I'M FREAKING OUT! I just googled June 1 birthdays and Charlene was born on JUNE 1, 1950! I just NOW found this out! I had already embedded the video and everything before looking it up. I had already written the above parenthetical. My hair is standing on end. I'm dying.

The name is in the mail.

I found someone with a nameless baby. A pregnant friend mentioned on facebook she's looking for a baby name, so I e-mailed her my list of suggestions. (Yes, I realize lamenting on facebook is not the same as actually soliciting me for advice. I sent her the list anyway.) She was polite and responded positively. As for the baby, I was happy for her all along, of course, but now I have skin in the game. I can't wait for her to deliver so I can see if she picked something I recommended. Should I bill her now or after the birth?

Vegan Week

I have mentioned before my desire to adopt a vegan diet. Well, I accidentally started last week and now I'm on Day 8. Turns out, once I tried to break my latte addiction, I substituted with lots of salad. I've had good restaurant experiences so far, the best at a Salvadoran place. My 11-year-old (you know, the nameless girl) baked vegan cookies yesterday. They're called Chocolate Peanut Butter Pillows. Fabulous.

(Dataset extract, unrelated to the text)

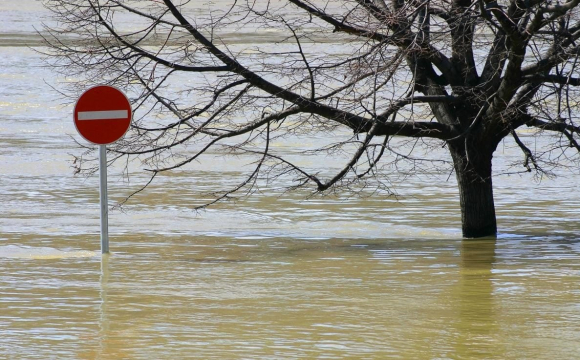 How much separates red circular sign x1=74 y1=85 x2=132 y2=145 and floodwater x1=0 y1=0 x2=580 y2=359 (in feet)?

I don't have lofty goals to make this a lifetime lifestyle, but I'm so enjoying it right now.

Fun Fact: Oreos are vegan.

One room, two sides

The getting rid of shit initiative continues - slowly, but it continues. My house might need some fiber.

Slight progress has been made. You know I gutted the armoire of its art supplies and I made a trip to Goodwill. We have also painted our living room and dining room white. We're now calling our office The Yoga Room. We don't do yoga, but expect to be motivated to take it up by an uncluttered space called The Yoga Room. Any day now. (I have made zero progress on our master bedroom - it is still "before.") Every room is in a transitional phase.

Here are opposite ends of my living room today.
By the door, a new pile of shit for Goodwill. Yippee, progress.

On the mantle, a new configuration.  The painting deserves a close-up.

A dear 12-year-old friend of ours painted this and gifted us with it. It's our backyard. We only just took down the swing set a few weeks back, which makes the painting even sweeter.